16  Ops for the extraction

16.1 First time: preparing a PC

16.1.1 Installing the software

Whether you need to install any software for the extraction is mostly a matter of personal preference. You will need to validate every extraction script to make sure you didn’t accidently make a typo (e.g. forgot a quote) or extracted an entity in the wrong format.

One option is to do this using EVA (the Extraction Validation App), at https://opens.science/apps/eva. In that case, the only software you need is an application to edit plain text files. You can use whatever came with your operating system (e.g. Notepad in Windows, Text Edit in MacOS, or GNOME Text Editor in Ubuntu). You can also install a more powerful text editor, like Notepad++.

Alternatively, you can use RStudio and R. This has two advantages over the approach discussed in the last paragraph. First, you have the benefit of RStudio’s syntax coloring. This is very helpful to help you avoid accidentily omitting a quote or a parenthesis. In addition, you can then directly validate your extraction by ‘knitting’ or ‘rendering’ the R Extraction Script in R. If you want to use R and RStudio, you have to install these programs if they are not present yet:

  1. R: link to download R for Windows
  2. RStudio link to download RStudio
  3. Git link to download Git

For all three programs, you can accept the default options in the installation, but for Git, you may want to select that you use Notepad (or Notepad++ if you have it) as the default editor instead of Vim; and you may want to select “main” as default branch name instead of “master”.

16.1.2 Installing the R packages

If you want to use R, you will also need to install a number of R packages. Once you installed R and RStudio, start RStudio and then run these commands by copying them and pasting them in the console (the bottom-left panel in RStudio):

install.packages(c('remotes', 'here', 'markdown', 'commonmark'),
                 repos='http://cran.rstudio.com');
install.packages(c('ufs', 'ggplot2', 'DiagrammeR', 'DiagrammeRsvg'),
                 repos='http://cran.rstudio.com');
install.packages(c('yum', 'synthesisr', 'preregr', 'rock'),
                 repos='http://cran.rstudio.com');
ufs::quietGitLabUpdate("r-packages/metabefor", quiet = FALSE);

The last of these installs the {metabefor} package from its Git repository. Once {metabefor} is on CRAN, you can install from there using install.packages().

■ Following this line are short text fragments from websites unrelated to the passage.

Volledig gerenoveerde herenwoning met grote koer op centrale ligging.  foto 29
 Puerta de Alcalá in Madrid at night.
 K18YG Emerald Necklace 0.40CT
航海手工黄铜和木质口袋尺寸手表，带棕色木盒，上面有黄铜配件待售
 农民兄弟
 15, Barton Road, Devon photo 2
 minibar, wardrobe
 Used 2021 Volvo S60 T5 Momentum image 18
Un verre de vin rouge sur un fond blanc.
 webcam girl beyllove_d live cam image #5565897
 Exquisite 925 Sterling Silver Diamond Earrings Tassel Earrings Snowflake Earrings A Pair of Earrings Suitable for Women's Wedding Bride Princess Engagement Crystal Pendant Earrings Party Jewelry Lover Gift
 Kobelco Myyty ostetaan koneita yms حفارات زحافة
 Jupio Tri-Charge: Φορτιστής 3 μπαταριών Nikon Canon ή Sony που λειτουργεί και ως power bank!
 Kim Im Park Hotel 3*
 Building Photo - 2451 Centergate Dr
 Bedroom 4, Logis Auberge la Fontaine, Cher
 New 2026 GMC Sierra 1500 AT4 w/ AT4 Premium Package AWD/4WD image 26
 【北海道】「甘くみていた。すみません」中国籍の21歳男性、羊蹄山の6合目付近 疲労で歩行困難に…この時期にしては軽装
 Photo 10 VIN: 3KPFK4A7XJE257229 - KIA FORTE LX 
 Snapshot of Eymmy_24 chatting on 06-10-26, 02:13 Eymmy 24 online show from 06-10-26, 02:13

16.1.3 Cloning the repository

Cloning means that you copy a Git repository to your local PC. This will download all files in the project, along with the metadata needed to pull from and push to the server (e.g., a GitLab or Codeberg server).

In your browser, navigate to the URL of the Git repository (e.g., the URL of the NITRO repository). There, click the “Clone” button.

In RStudio, klik links bovenin op “File” en dan “New Project”

Kies “Version Control” en dan “Git”

Copy-paste de URL

Druk op Tab; hiermee gaat de cursor naar het volgende veld waar de directorynaam wordt gespecificeerd. Als het goed is “autovult” hij die met de naam van het repository (in bovenstaand voorbeeld, “verlicht-scoping-review-1”)

Kies in het derde veld een plaats om die directory aan te maken en het project naartoe te ‘clonen’. Neem bij voorkeur een lokale directory, dus niet een subdirectory van een directory van een cloud-dienst (e.g. OneDrive, DropBox, etc). Bij de OU zijn de Documenten directory en de Desktop wel subdirectories van een synchronisatiedienst (met de OU server), dus als je op een OU laptop zit, kies dan een directory op de D-drive. R opent nu je project.

16.2 For every source

  1. Open the source you want to extract (e.g. a PDF of an article)
  2. Look up the unique source identifier for this source. If the source has a DOI, then go to https://shortdoi.org to produce the corresponding ShortDOI. If it doesn’t have a DOI, the source identifier is the QURID, which you can get from the bibliographic database you used for the screening.
  3. Open RStudio or whichever text editor you use
  4. Navigate to the directory holding the Rxs template (probably “extraction-Rxs-spec”)
  5. Open this file.
  6. Save it again with a new name, specifically a name constructed as follows:
    1. Family name first author (with all characters other than Latin leters (a-z) removed)
    2. An underscore (_)
    3. sourceId (shortdoi or QURID)
    4. An underscore (_)
    5. Year of publication of the source
    6. An underscore (_)
    7. Extractor identifier (your identifier)
    8. The extension (.rxs.Rmd)
  7. An example filename is batty_2020_j58m_fm2.rxs.Rmd
  8. Then, start completing the Rxs file: scroll through it from top to bottom, and insert the value of every entity that you extract from the PDF
  9. If you use Git, then once you’re done, you can push your Rxs file with:
    git pull; git add . ; git commit -m "Commit boodschap" ; git push

16.3 Coding an extracted entity

When planning the extraction, you decided for each entity where on the coding-categorization continuum you would extract it (see Chapter 6). The entities that you decided to extract literally from the sources have to be coded.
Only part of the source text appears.